**Update:** Speaking of "pie slices", you can use `SectorChart3D`  directly as follows:

    ClearAll[sliceF]
    sliceF[opts : OptionsPattern[]][x_, y_, r_: {0, 2}, h_: 2] := 
     SectorChart3D[{{(y - x) Degree, r[[2]], h}, {(360 - y + x) Degree , 
        r[[2]], h}}, SectorOrigin -> {{x Degree}, r[[1]]}, opts]

    sliceF[BoxRatios -> 1, Axes -> True][30, 70]

![Mathematica graphics](https://i.sstatic.net/EkHH2.png)

    sliceF[BoxRatios -> 1, Axes -> True][30, 70, {1, 2}]
![Mathematica graphics](https://i.sstatic.net/FYXDL.png)


    sliceF[BoxRatios -> 1, Axes -> True,  ChartElementFunction -> 
      ChartElementDataFunction["ProfileSector3D", "Profile" -> 5]][30, 70, {3/2, 2}]

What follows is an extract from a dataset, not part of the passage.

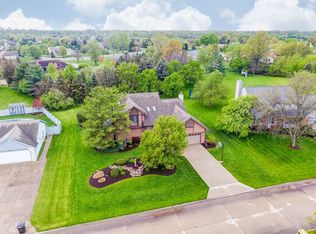 9309 Covington Woods Ct, Fort Wayne, IN 46804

![Mathematica graphics](https://i.sstatic.net/waSWP.png)

**Original post:**

    ClearAll[csF]
    csF[opts : OptionsPattern[]][angle_: {0, Pi/2}, radii_: {0, 1}, 
      minmaxheight_: {0, 1}, style_: {EdgeForm[], Opacity[1], Orange}] := 
     Graphics3D[{## & @@ style, 
       ChartElementData["CylindricalSector3D"][{angle, radii, minmaxheight}, 0]}, opts]

    csF[][{0, 3 Pi/4}]
![Mathematica graphics](https://i.sstatic.net/4hh5h.png)

    csF[Boxed -> False, ImageSize -> 400][{0, 3 Pi/4}, {.5, 1}]
![Mathematica graphics](https://i.sstatic.net/g8v0U.png)

    Panel@Row[csF[ Boxed -> False, ImageSize -> 200][{0, #}, {0, 1}, {0, 1}, 
      {EdgeForm[]}] & /@ (Pi {1/3,  3/2, 4/3})]
![Mathematica graphics](https://i.sstatic.net/eAsKf.png)

    Panel@Row[csF[ Boxed -> False, ImageSize -> 200][{0, Pi/4}, {#, 1}, {0, 1},
       {EdgeForm[]}] & /@ ({0, 1/3, 2/3})]
![Mathematica graphics](https://i.sstatic.net/uozF1.png)

    Panel@Row[csF[ Boxed -> False, ImageSize -> 200, PlotRange -> {0, 1}][{0, 
          Pi/4}, {0, 1}, {#, 1}, {EdgeForm[]}] & /@ ({0, 1/3, 2/3})]
![Mathematica graphics](https://i.sstatic.net/gZ8Z0.png)